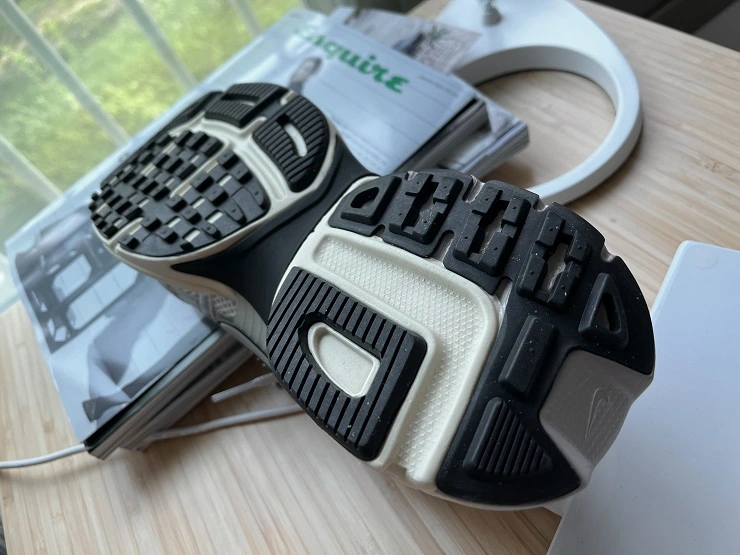 V2K 밑창, 하얀 점들은 먼지가 아니고 재생 소재 고무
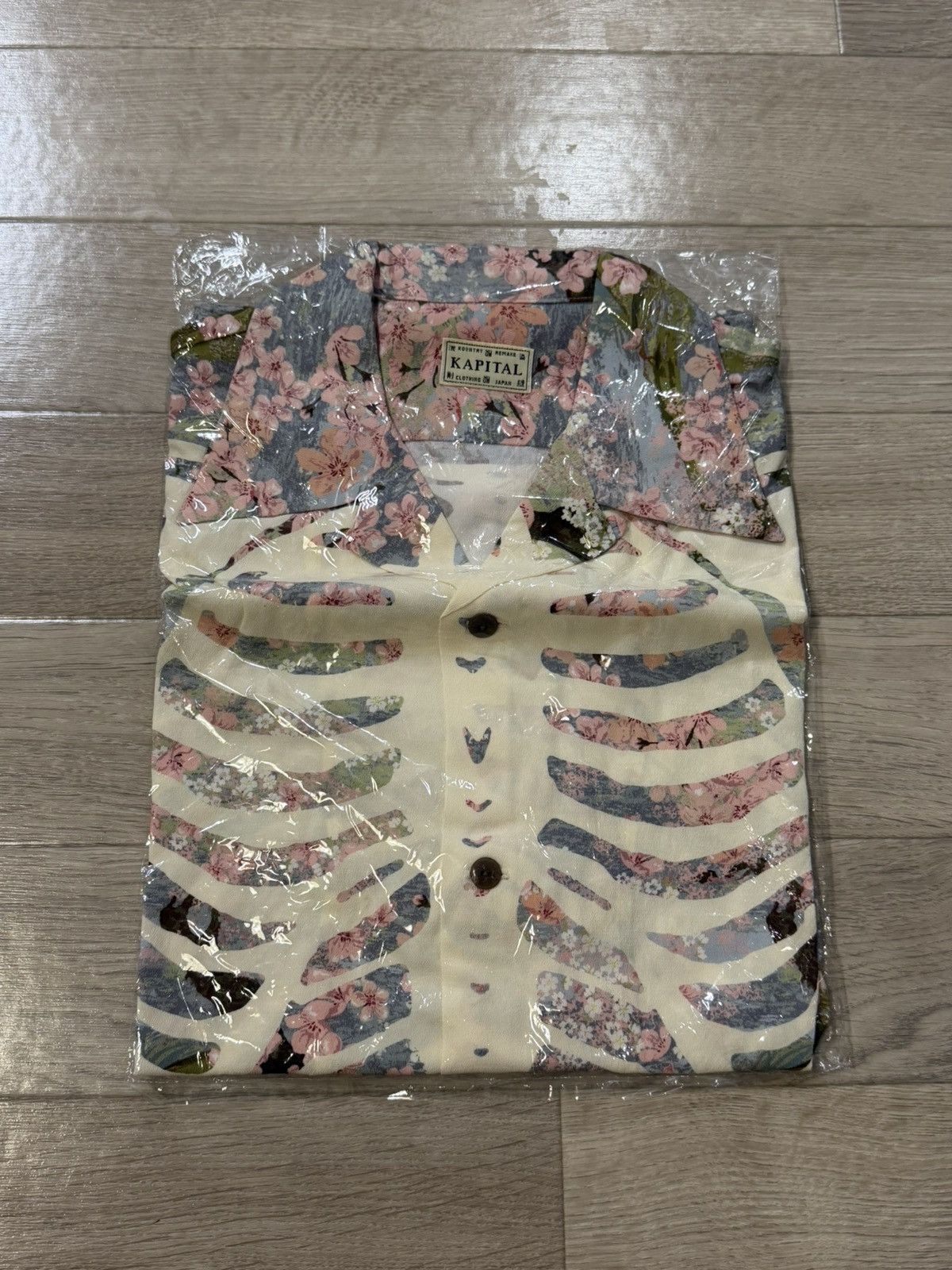 Kapital Kapital Rayon Sakura Bone pt Aloha Shirt Size US L / EU 52-54 / 3 - 2 Thumbnail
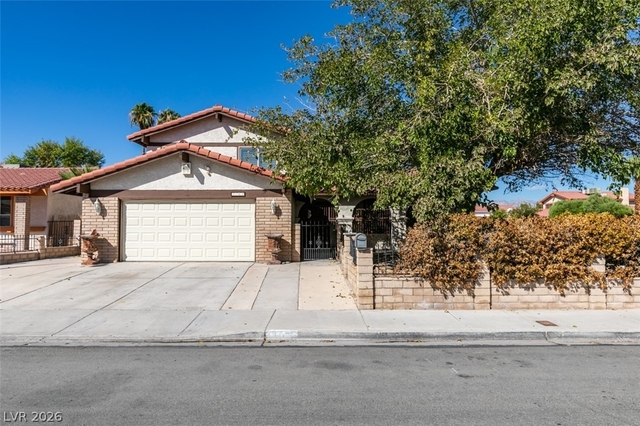 3765 Duneville Street - Photo 1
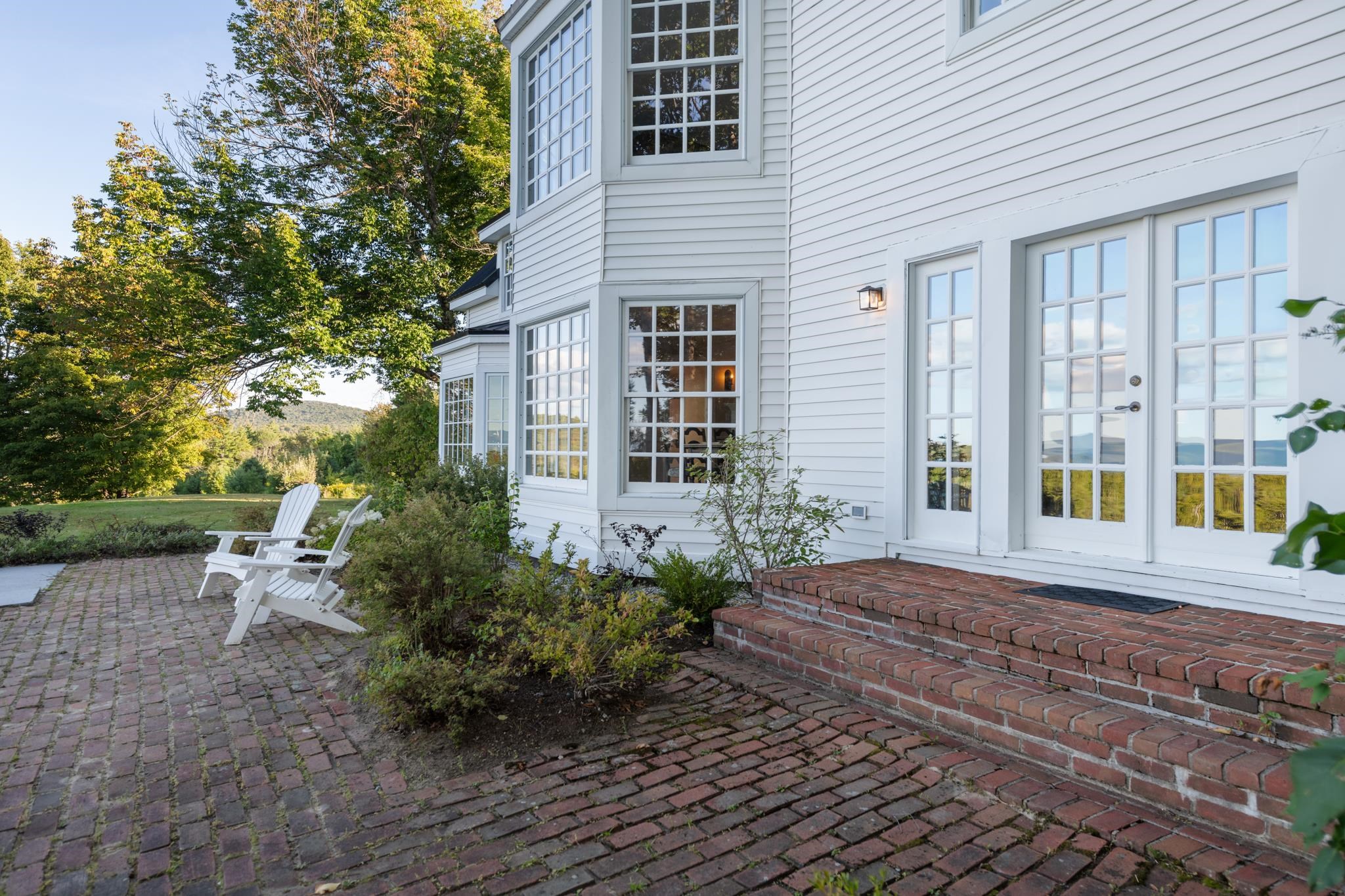 main property photo 50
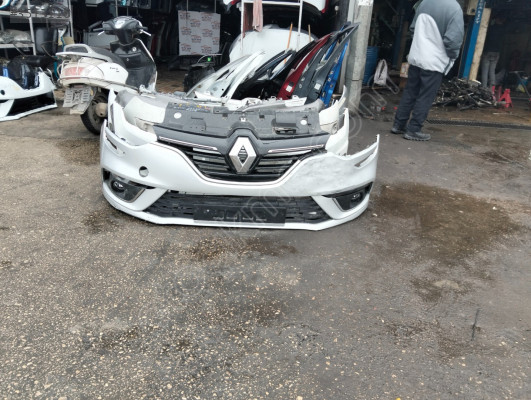 Renault megane 4 ön tampon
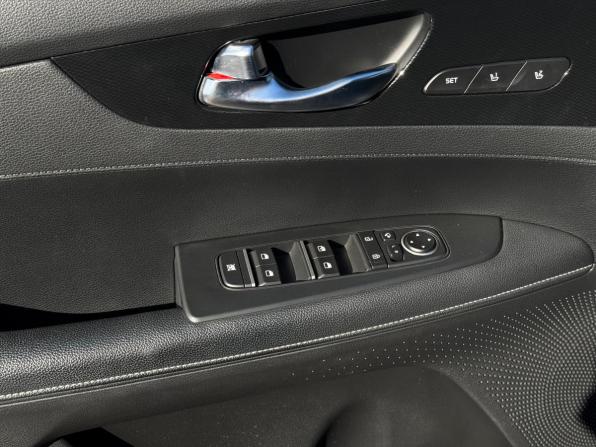 Kia Cerato IV Рестайлинг с пробегом 2022 года, цена 2 480 000 рублей, 70200 км, седан, Автокод Объявления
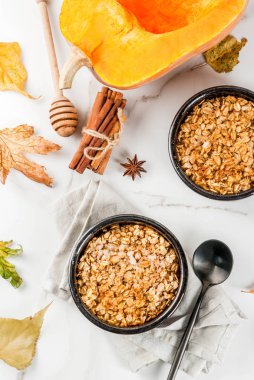 Diyet sonbahar hamur işleri, Kahvaltı. Kabak pasta, akçaağaç s parçalamak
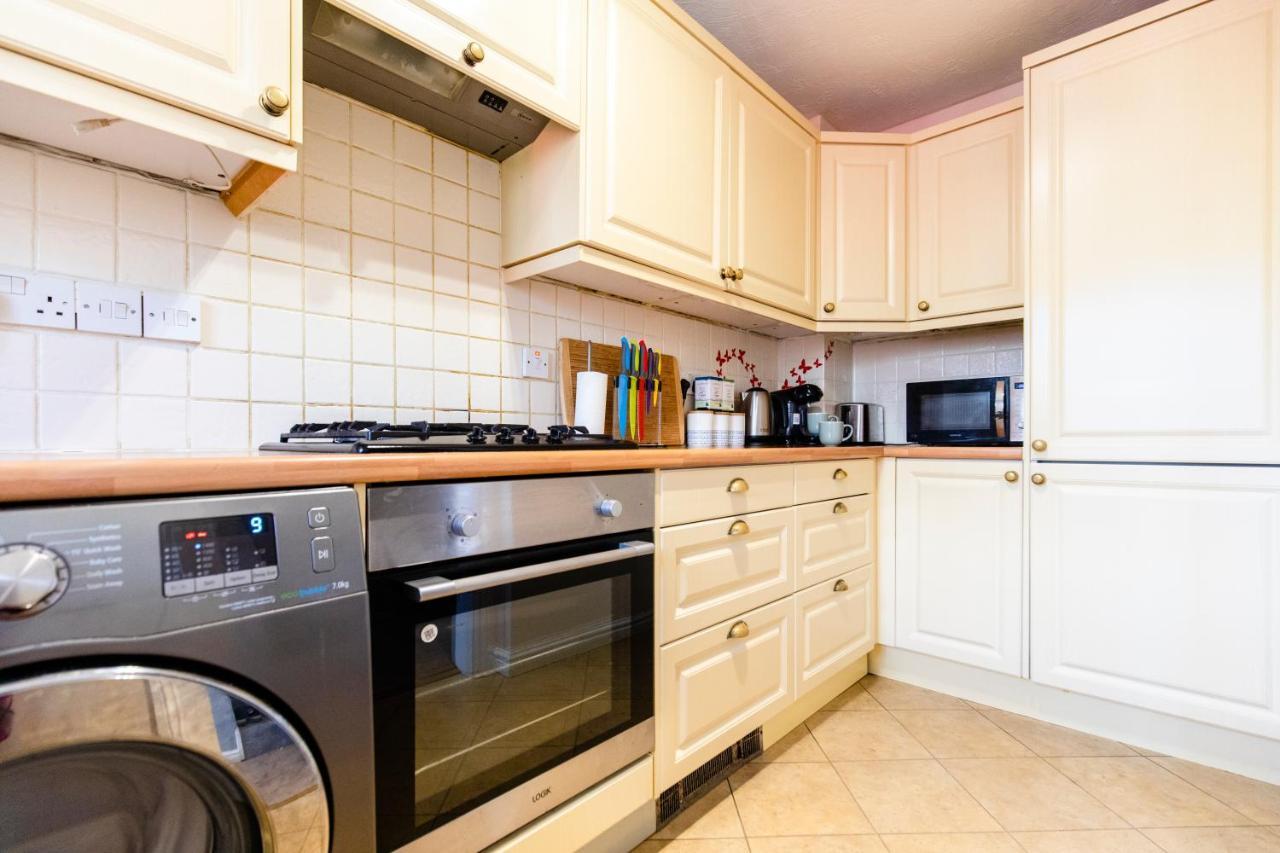 Chichester Retreat House With Free Parking Екстер'єр фото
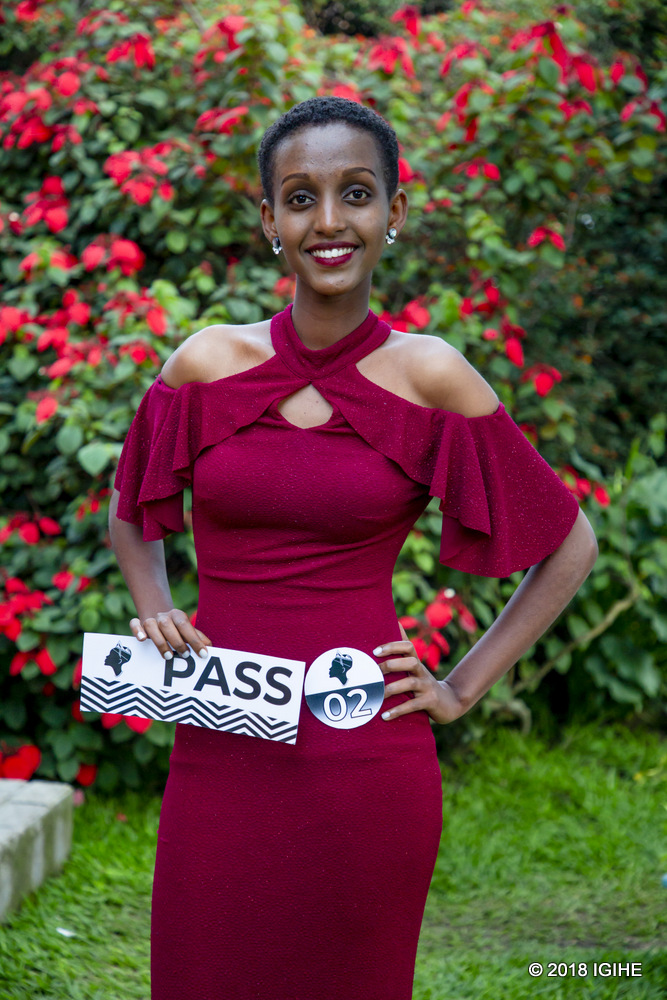 Ibyishimo byari byose kuri Teta Mugabo Ange Nicole nyuma yo kwemererwa gukomeza mu irushanwa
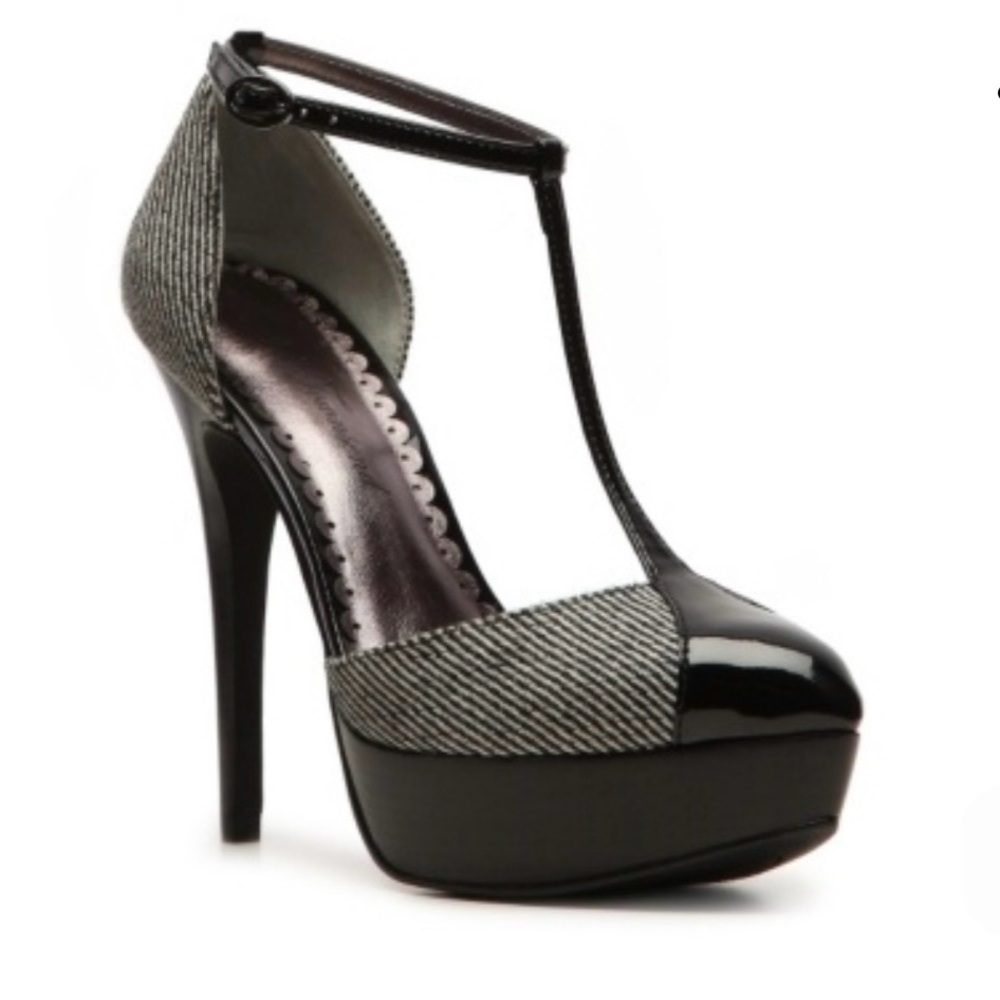 Elegant Black and Gray Women's Heels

--------

What to work on
Where a record holds a picture, leave the picture out and restate the rest word for word.

Answer below
 V2K 밑창, 하얀 점들은 먼지가 아니고 재생 소재 고무
 Kapital Kapital Rayon Sakura Bone pt Aloha Shirt Size US L / EU 52-54 / 3 - 2 Thumbnail
 3765 Duneville Street - Photo 1
 main property photo 50
 Renault megane 4 ön tampon
 Kia Cerato IV Рестайлинг с пробегом 2022 года, цена 2 480 000 рублей, 70200 км, седан, Автокод Объявления
 Diyet sonbahar hamur işleri, Kahvaltı. Kabak pasta, akçaağaç s parçalamak
 Chichester Retreat House With Free Parking Екстер'єр фото
 Ibyishimo byari byose kuri Teta Mugabo Ange Nicole nyuma yo kwemererwa gukomeza mu irushanwa
 Elegant Black and Gray Women's Heels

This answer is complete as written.